■ Work to be completed: Without including any images, please transcribe all the lines below exactly.

■ Data block:
*** Begin section ***
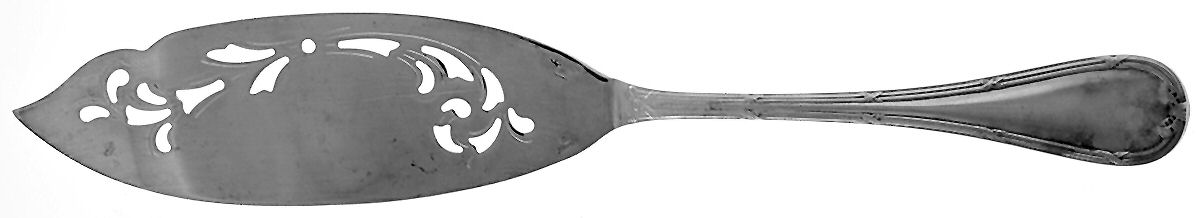 Rubans (Silverplate, 1926) Large Solid Pierced Fish Knife by Christofle France-1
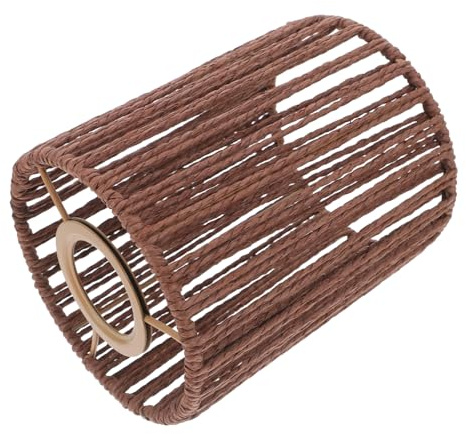 STOBAZA Boho Lampenschirm Klein E27 Zylinder Trommel Lampenschirm Vintage Ersatz Gewebter Bezug Für Hängende Wandlampe Stehlampe &Amp; Schreibtischlampe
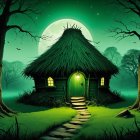 Mystical Green Hut Under a Glowing Moon Scene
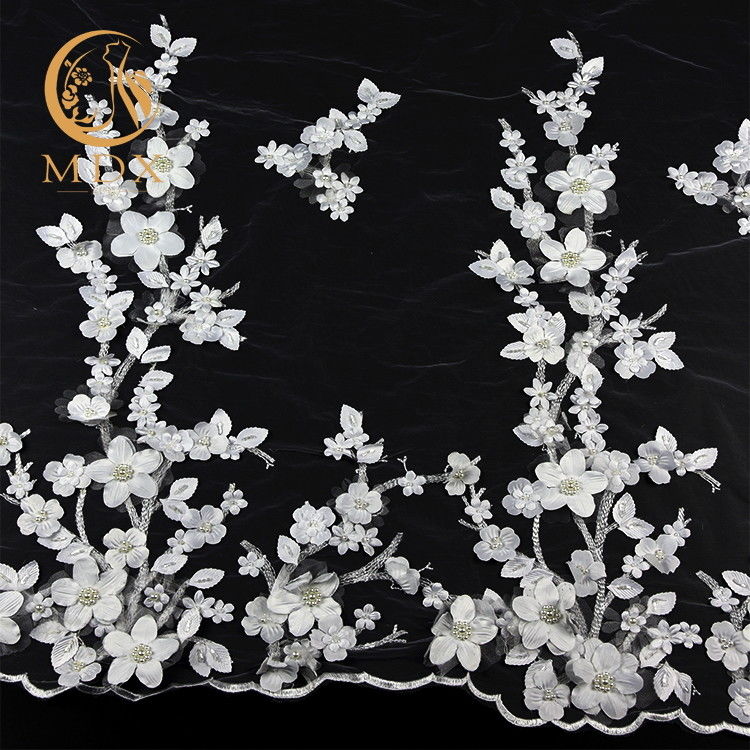 Bridal Wedding Tulle Lace Trim 25cm With 3D Flower Decoration with Beads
*** End section ***
■ Exercise result:
 Rubans (Silverplate, 1926) Large Solid Pierced Fish Knife by Christofle France-1
 STOBAZA Boho Lampenschirm Klein E27 Zylinder Trommel Lampenschirm Vintage Ersatz Gewebter Bezug Für Hängende Wandlampe Stehlampe &Amp; Schreibtischlampe
 Mystical Green Hut Under a Glowing Moon Scene
 Bridal Wedding Tulle Lace Trim 25cm With 3D Flower Decoration with Beads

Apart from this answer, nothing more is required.